The Greater Manchester mayor, who would require a parliamentary seat before he could formally lead the party, has argued that housing cannot be fixed without restoring public control.
"If you've not got control of housing, you've not got control of the costs the country is facing," he has said. He views the sale of council homes as a root cause of the country's current crisis: "When we sold off the water, sold off the electricity, sold off the gas, sold off the council homes, sold off the buses, sold off the trains, we found ourselves in a position where ordinary people can't afford those basics anymore."

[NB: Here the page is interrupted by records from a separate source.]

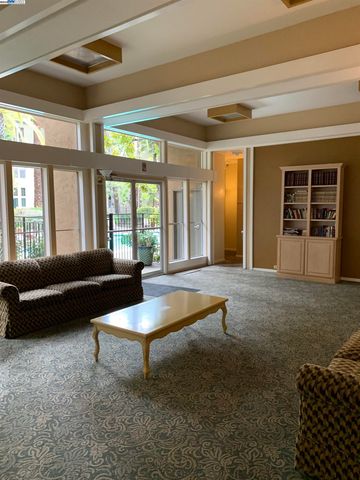 185 Sierra Dr 206, Walnut Creek, CA 94596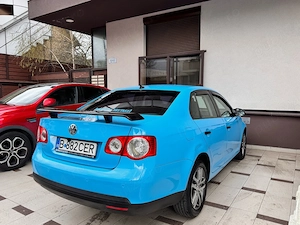 Volkswagen Jetta 2.0 TDI 2200  - imagine 4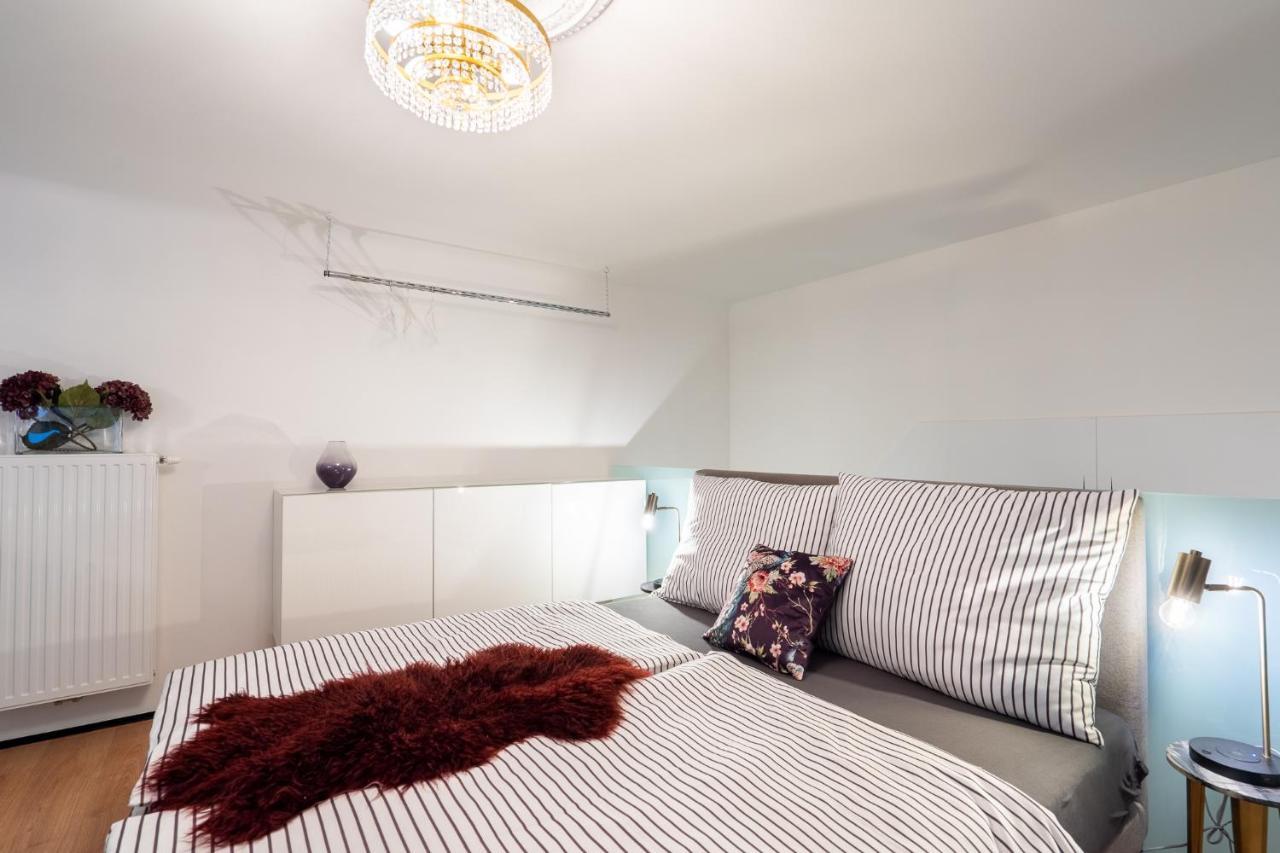 The Kiss - Luxurioeses City Loft Am Naschmarkt Виена Екстериор снимка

Nationally, Burnham has called on the government to borrow £40 billion to build new council housing. He has also attacked the government's freeze on local housing allowance, warning it pushes private renters into homelessness by widening the gap between rents and benefit support.

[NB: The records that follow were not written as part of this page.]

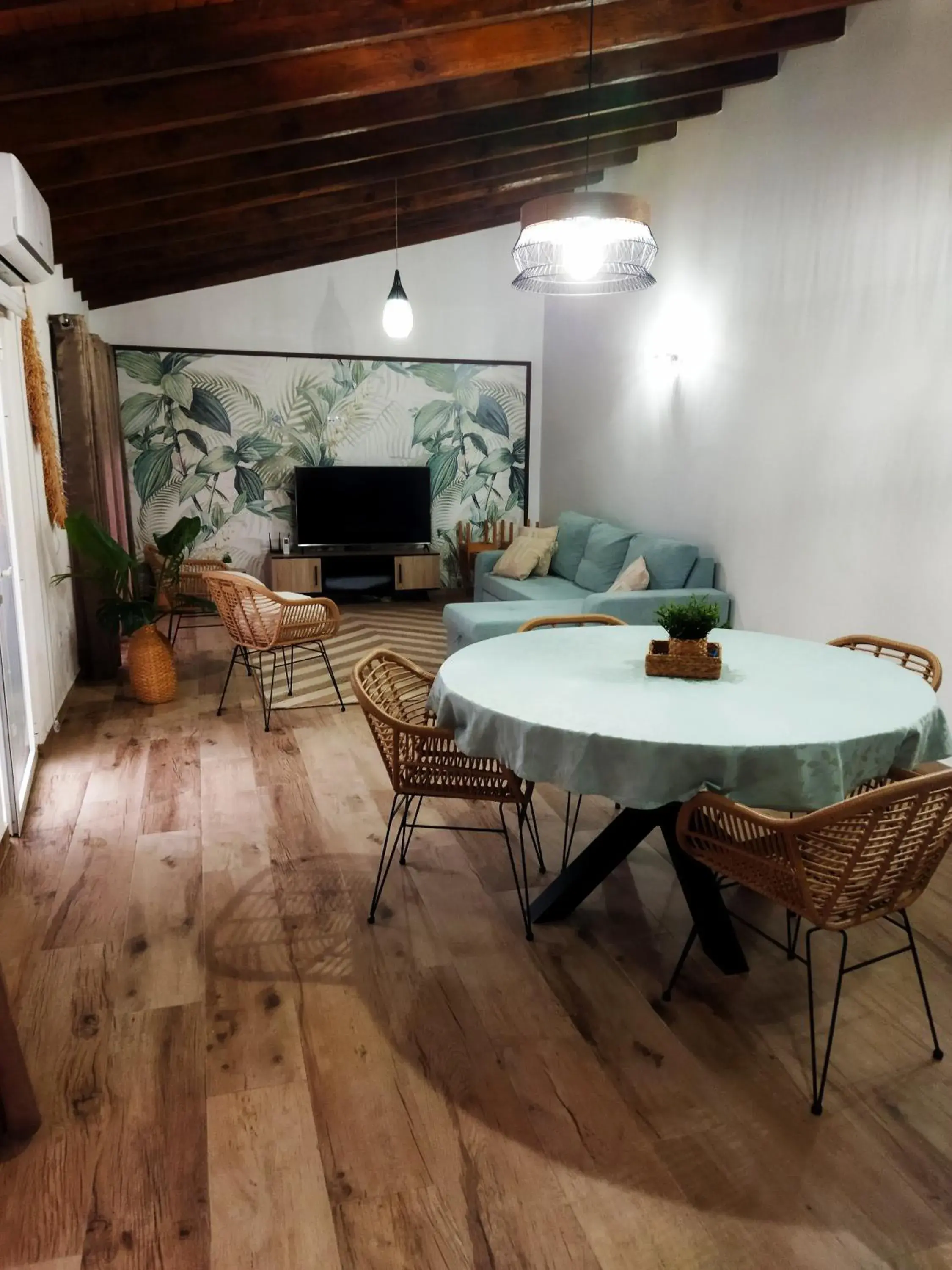 Single Room in Quinta da Pontinha Single Room in Quinta da Pontinha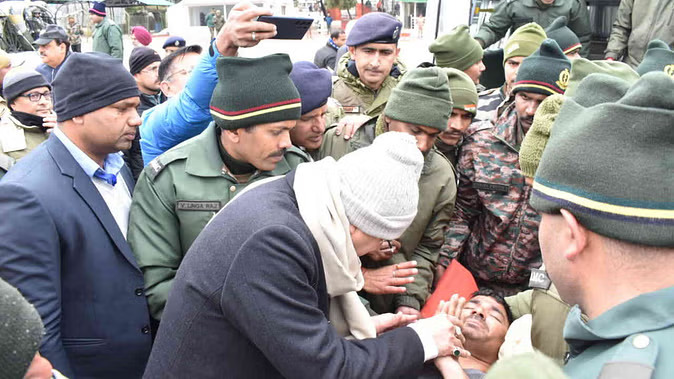 Uttarakhand Avalanche: बर्फ में फंसे 47 मजदूर बचाए गए, आठ की तलाश जारी; ग्राउंड जीरो पर पहुंचे सीएम धामी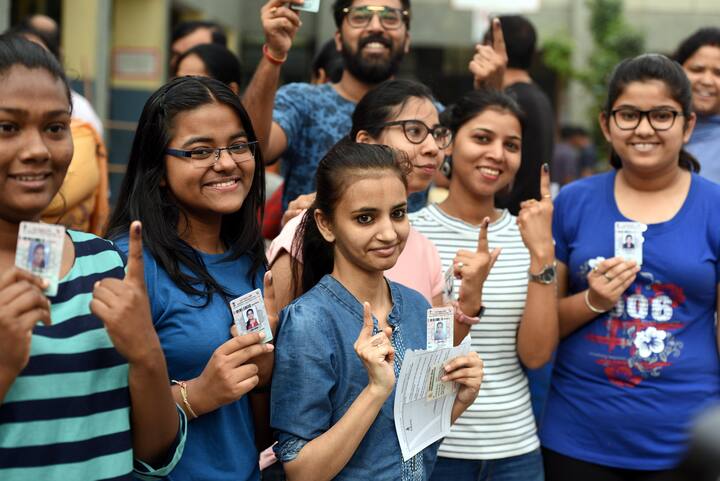 यहां आपको तीन ऑपशन मिलेंगे Search by EPIC, Search by Details और Search by Mobile, यहां अलग अलग डिटेल्स आपको भरना होगा.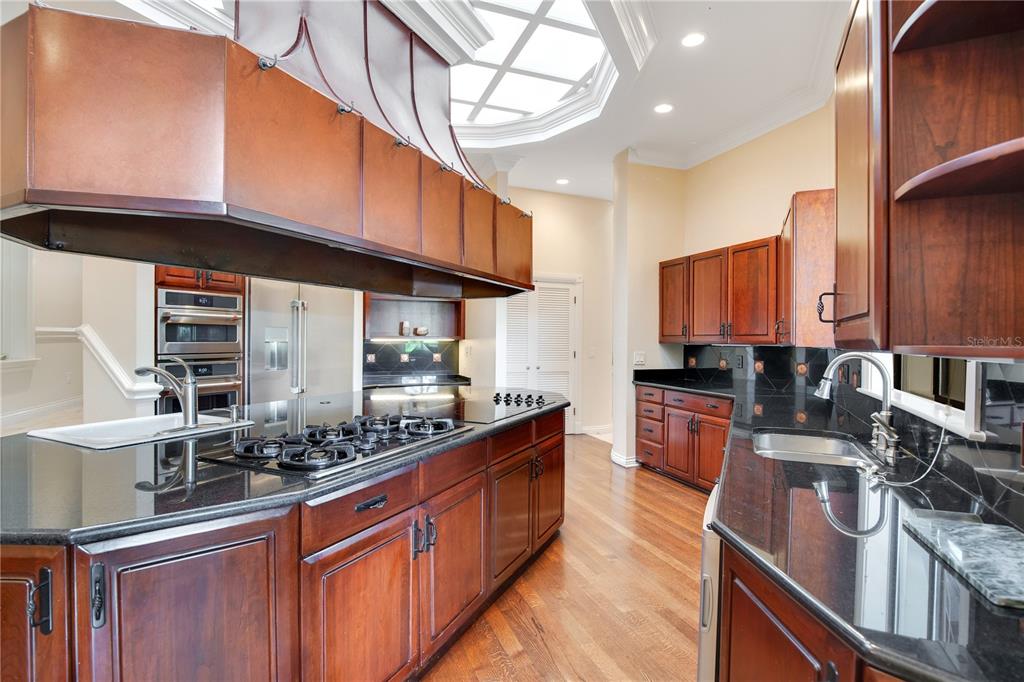 5524 WORSHAM COURT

His time as mayor of Greater Manchester has produced some progress on housing: after his third mayoral re-election in 2024, he pledged 10,000 new council homes by 2028 (at least 1,000 per borough) and launched a £1 billion investment programme. He has also called for the power to suspend Right to Buy for new homes, describing the current policy as "like trying to fill a bath with the plug out."
His flagship homelessness policy – Housing First, providing rough sleepers with a permanent home immediately rather than making it conditional on other factors – has seen rough sleeping in Greater Manchester plummet since 2017.

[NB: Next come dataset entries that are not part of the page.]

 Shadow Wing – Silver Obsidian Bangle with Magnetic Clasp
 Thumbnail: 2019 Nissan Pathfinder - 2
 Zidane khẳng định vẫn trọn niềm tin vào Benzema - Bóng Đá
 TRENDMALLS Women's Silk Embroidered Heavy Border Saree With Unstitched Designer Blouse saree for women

Burnham's path to Westminster remains blocked for now. Labour's National Executive Committee voted 8–1 in January 2026 to prevent him from standing as the party's candidate in the Gorton and Denton by-election, a move widely seen as an attempt by Starmer allies to obstruct a potential challenge. His supporters are calling for a delayed leadership contest to give him time to return to parliament.
Wes Streeting: a blank slate on housing?
Streeting is widely regarded as one of Labour's most effective communicators and a credible centrist candidate for the leadership. As health secretary, he has staked his political reputation on NHS reform — but on housing, he has said relatively little at a national policy level.
His public record on housing is largely confined to his constituency in Ilford North, where he has cited affordable housing as a local priority. He has not, to date, set out a distinct housing policy platform of his own. For mortgage brokers and lenders, his position on the sector – including planning, housebuilding targets, and mortgage market regulation – remains largely unknown, making him something of an unknown quantity should he reach Downing Street.
Ed Miliband: housing through an energy lens
Miliband, the energy secretary and former Labour leader, has engaged with housing primarily through the prism of energy efficiency rather than supply or affordability.
His most significant housing-related policy has been the reinstatement of mandatory minimum energy efficiency standards for the private rented sector. Landlords will be required to bring properties up to an EPC rating of C or above by October 2030, with a spending cap of £10,000 per property and fines of up to £30,000 for non-compliance.
Announcing the policy at the 2024 Labour conference, he said: "We all know that the poorest people in our country often live in cold, draughty homes. It is a Tory legacy. It is a Tory scandal."
In January 2026, he presented the government's £15 billion Warm Homes Plan to Parliament, allocating funding for retrofit upgrades with a particular focus on low-income households — though critics, including tenant advocacy groups, argued the final standards had been watered down from earlier proposals.
Miliband has publicly played down any desire to return to the Labour leadership, which he held until the party's 2015 election defeat.